Logo, o homem será sempre um grande mistério!
Há sempre aquele que parece ser: causa boa ou má impressão: não se tem a certeza de como é, de como pensa ou de como vê os outros;
há aquele que diz ser: respeito os outros, ajudo os outros, procuro a virtude, amo os outros;
há aquele que julga ser: tantas vezes atraiçoa a verdade, esconde-a, nem mesmo ele sabe o que é e esconde a sobranceria que adquiriu;
há aquele que gostaria de ser: diferente de “todos os outros”, mais capaz que os outros ou o distinguido do seu bairro, da sua rua ou da sua empresa;
há aquele que finge: para comodidade sua, arranjos de vida, mostra-se corajoso, generoso, delicado, democratão e tudo que o beneficie;
há ainda aquele que é capaz de ser duplo: é contemplador de si mesmo, e a qualquer hora do dia e conforme o local em que se encontra muda de cor como o camaleão.
Sendo assim, os nossos comportamentos, as nossas mentiras, a nossa dissimulação quotidiana, todos os fingimentos que consideramos necessários para a nossa fama, constroem diariamente uma muralha de enganos entre o eu por nós próprios ignorado e aquele que desejaríamos possuir.
Quem já viveu umas boas dezenas de anos como eu, que conheceu e lidou com filhos de muitas mães nalguns sítios da Europa, do Oriente e do Ocidente, conclui facilmente – e resumindo por falta de espaço – que o homem tem a sua vida pública: comporta-se bem, mal, ou mais ou menos, perante a sociedade. Sorri ou raramente sorri, é simpático ou não, convive ou foge dos outros.

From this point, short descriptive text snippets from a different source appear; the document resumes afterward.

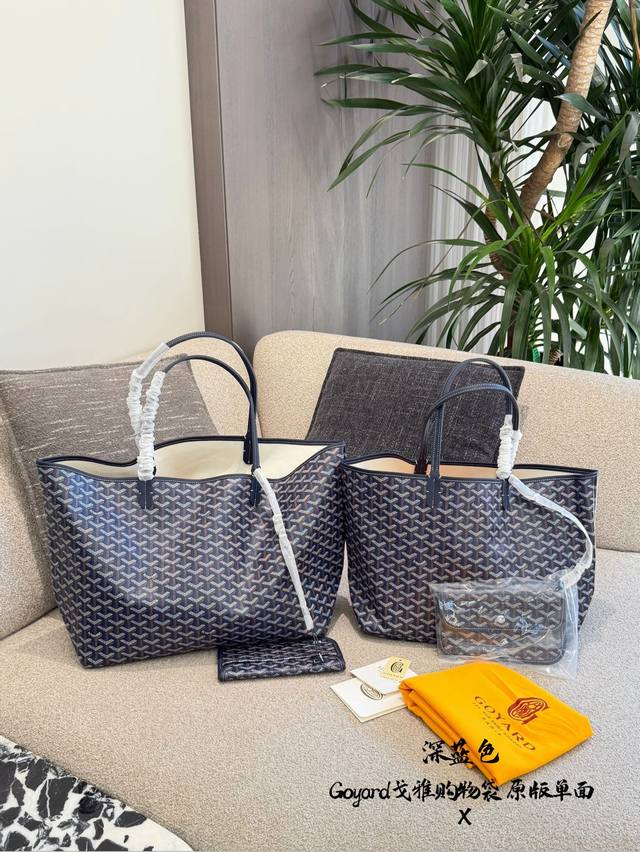 Goyard Saint Louis Shopping Bag This Goyard Saint Louis shopping bag is made of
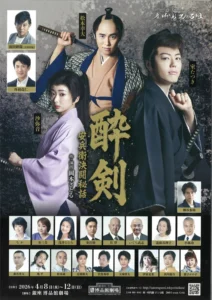 春風捕物帖』シリーズの人気作家・岡本さとる氏が手がける時代劇舞台が 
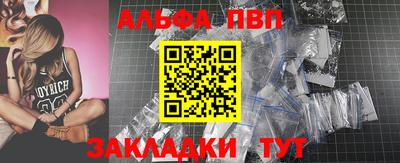 альфа пвп VHQ Моздок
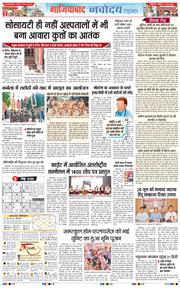 Noida 2026-06-27
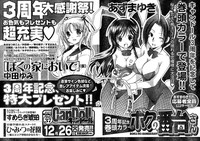 COMIC CanDoll 2007-01 Vol. 36 hentai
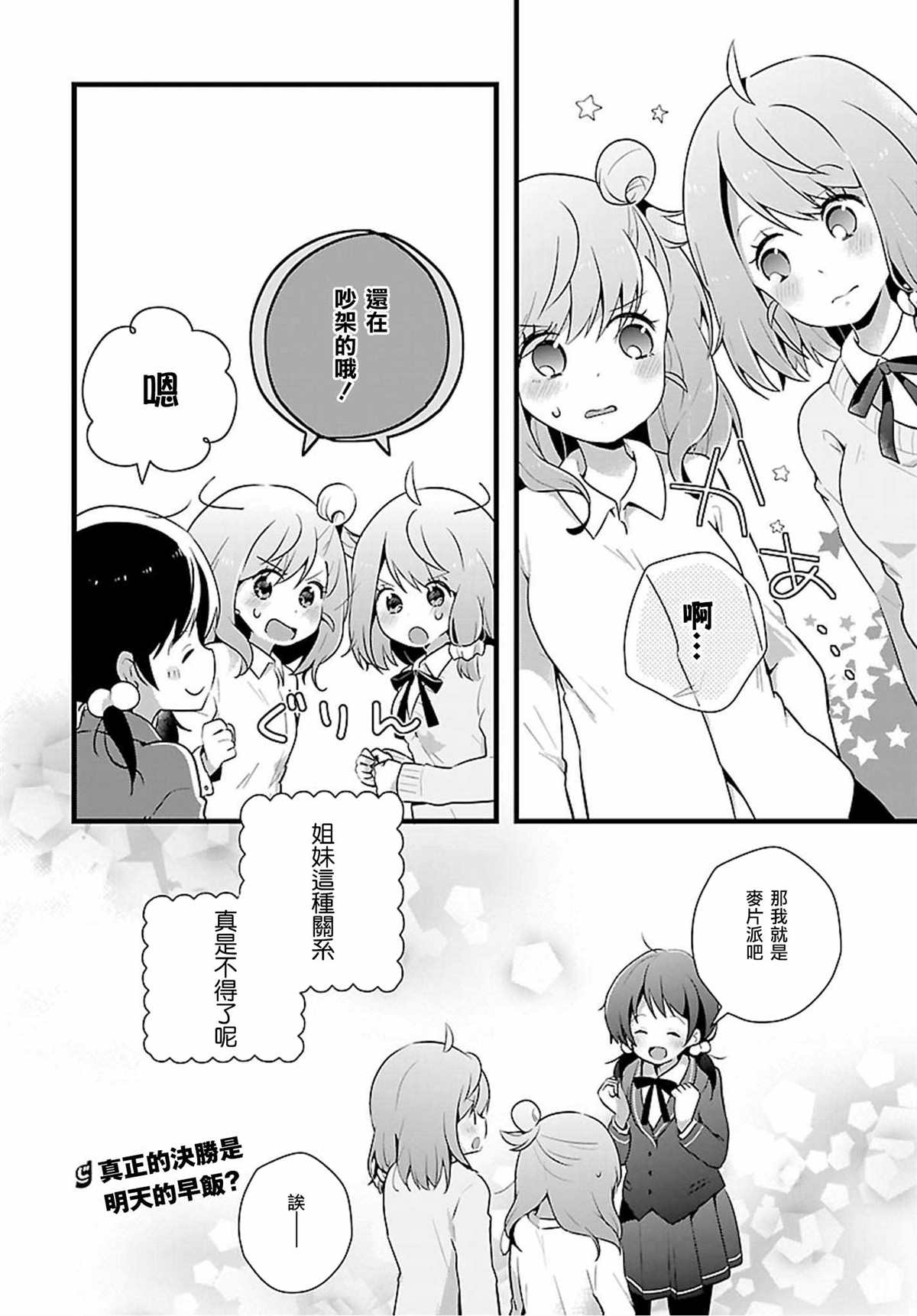 《百合芳邻》漫画最新章节第9话免费下拉式在线观看章节第【12】张图片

Tem o mesmo homem a sua vida privada: aquela vida a que o povo chama de “os telhados encobrem muitas coisas, vida que só ele ou algum dos seus conhece, vida que só transpira para o exterior o que quer e que jeitos lhe possa dar.
Finalmente temos o mesmo homem com a sua vida secreta: a vida que só ele vive, alimenta ou destrói, vida que ninguém, jamais, terá acesso. Esta vida secreta, por vezes surpreende - caso haja “descuido do próprio” - aos pontos da sociedade estupefactizada desabafar: “quem havia de dizer que ele era assim, ou que actuava assim?”
O saudoso Papa Francisco, escrevendo sobre a vida pública, privada e secreta do homem, alertou o mundo: “o ser humano é estranho… briga com os vivos, leva flores aos mortos, lança os vivos na sarjeta, afasta-se dos vivos, fica anos sem conversar com um vivo, desculpa-se, faz homenagens aos mortos, não tem tempo para visitar os vivos, critica, fala mal, ofende o vivo, santifica-o quando morre, não abraça… Aos olhos cegos do homem, o valor do ser humano está na sua morte, e não na sua vida. É bom repensarmos isto, enquanto estamos vivos”.
E porque são puras verdades as palavras do saudoso Papa e porque o homem é mesmo um mistério, recordo que na minha cidade há cerca de dois anos aproximava-se da porta do cemitério o carro fúnebre seguido de um táxi com o sacerdote e duas pessoas sentadas atrás. Mais ninguém.
Então parei a pensar no quadro descrito.
Quem seria o defunto? Que teria feito na vida? Que é que não fez na vida? Que erro ou erros poderia ter cometido? Será que não era da minha cidade? Seria um imigrante ou abandonado estrangeiro? Por que razão tão só, apenas com quatro acompanhantes no funeral, na vertical? Onde estavam os vivos que conheciam ou que lidaram com aquele ou aquela que seguia na horizontal?
Sabemos bem, que viver significa morrer aos poucos, morrer a todo o instante, morrer lentamente, agonizar.
Todo o amado, toda a recordação, todas as alegrias, todos os poderes que perdemos representam o fim de uma parte de nós, a extinção daquilo que se diz vida.
Todo o homem deve ser amado ou pelo menos respeitado, quer na vida ou na morte. Tantos falecem sem que familiares ou amigos reivindiquem a inerte matéria para “um final civilizado”.
Como dizia, repito, o Papa Francisco: “é bom pensarmos nisto, enquanto estamos vivos”.